Billboard’s Top Album Sales chart ranks the top-selling albums of the week based only on traditional album sales. The chart’s history dates back to May 25, 1991, the first week Billboard began tabulating charts with electronically monitored piece count information from SoundScan, now MRC Data. Pure album sales were the measurement solely utilized by the Billboard 200 albums chart through the list dated Dec. 6, 2014, after which that chart switched to a methodology that blends album sales with track equivalent album units and streaming equivalent album units. For all chart news, follow @billboard and @billboardcharts on both Twitter and Instagram.
Chevelle achieves its first No. 1 on Top Album Sales, as the act’s latest studio set, Niratias, bows atop the list with 24,000 copies sold in the week ending March 11. In total, the new album is Chevelle’s fifth top 10 on the tally.
Kings of Leon’s latest release, When You See Yourself, debuts at No. 2 with 22,000 sold — scoring the band its fifth top 10 as well. A Day to Remember logs its second top 10, as its new studio effort You’re Welcome bows at No. 3 with 16,000 sold.
The last time Nos. 1-3 on Top Album Sales were all rock albums was on the July 11, 2020-dated chart. That week, Haim’s Women in Music, Pt. III debuted at No. 1, Khruangbin’s Mordechai started at No. 2 and Bob Dylan’s Rough and Rowdy Ways fell 1-3 in its second week. (Rock albums are defined as those that have charted on Billboard’s Top Rock Albums chart.)

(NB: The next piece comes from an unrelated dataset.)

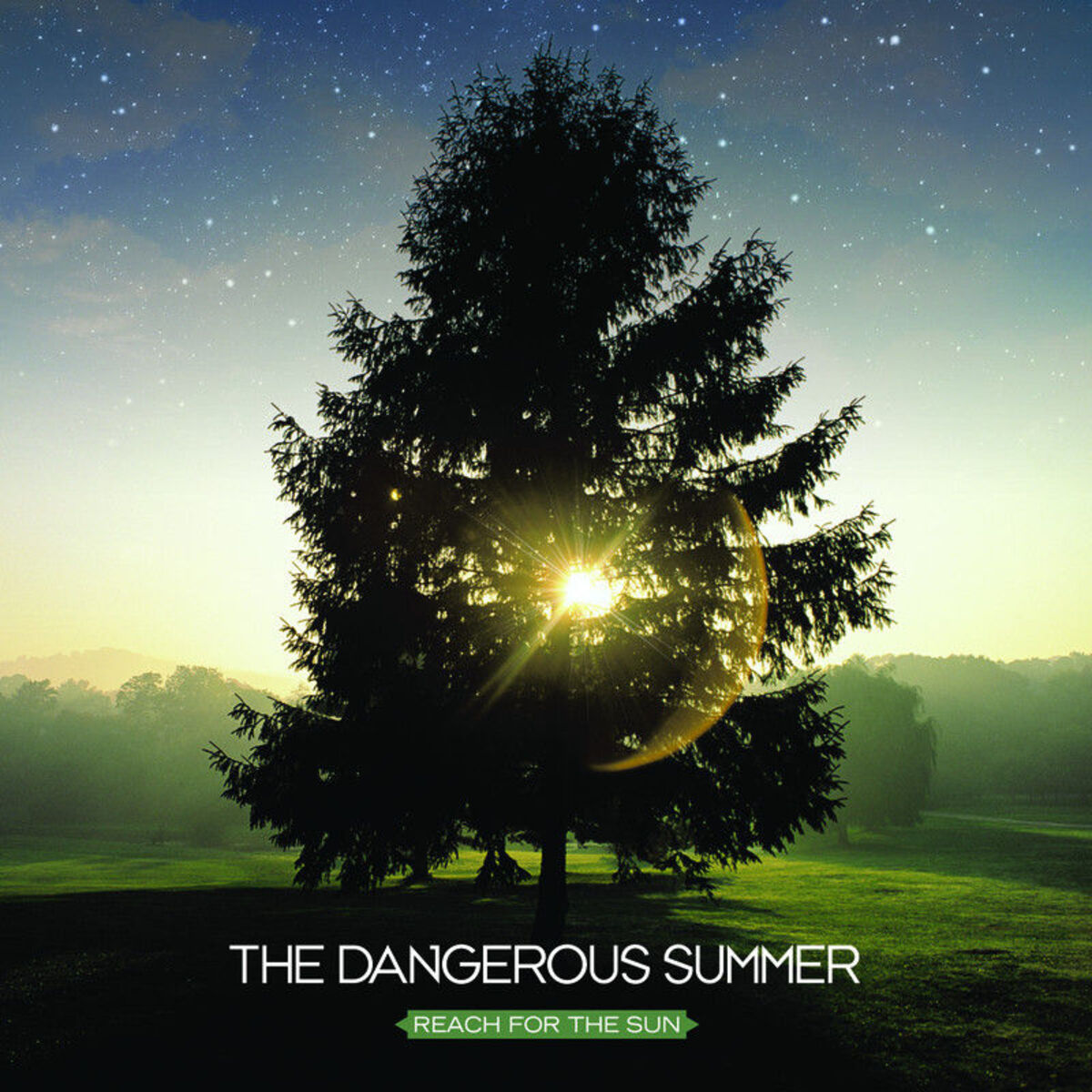 Album cover of Reach For The Sun (itunes version)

Back on the new Top Album Sales chart, Billie Eilish’s When We All Fall Asleep, Where Do We Go? rises 11-4 with 6,100 sold (up 3%), Morgan Wallen’s Dangerous: The Double Album bounces 10-5 with 5,800 (down 9%) and BTS’ Be is a non-mover at No. 6 with 5,800 (down 20%).
Black Sabbath’s 1980 album Heaven and Hell debuts at No. 7 on Top Album Sales with just over 5,600 copies sold in the week ending March 11. The set was remastered and reissued on March 5 with bonus tracks. (All versions of Heaven and Hell are combined for sales tracking and charting purposes.) Heaven and Hell peaked at No. 28 on the Billboard 200 chart dated July 19, 1980.

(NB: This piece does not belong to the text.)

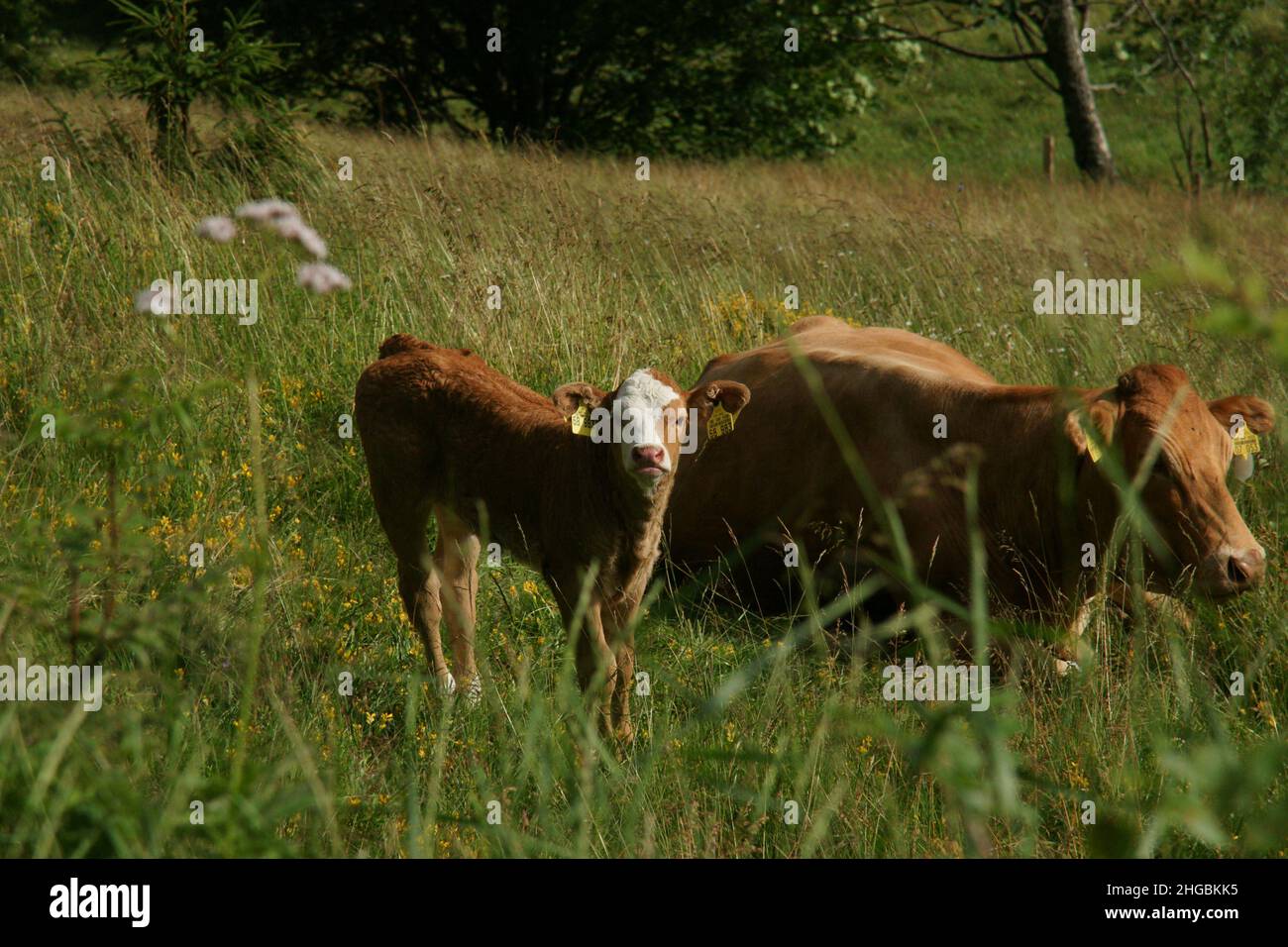 Astonishing Calf Numbers A Cows Reproductive Journey - l3929m6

Harry Styles’ former Top Album Sales No. 1 Fine Line rises 14-8 with 5,600 sold (up 11%) and Kids See Ghosts’ self-titled album re-enters the chart at No. 9 with nearly 5,600 sold (up 430%). The latter’s huge increase is owed to its release on translucent pink vinyl LP, exclusive to Target stores. On the Vinyl Albums chart, the set re-enters at No. 3 with 5,500 copies sold on vinyl.
Rounding out the new top 10 of the latest Top Album Sales chart is Willie Nelson’s jazz set, That’s Life, which falls 2-10 in its second week (5,400 sold; down 55%).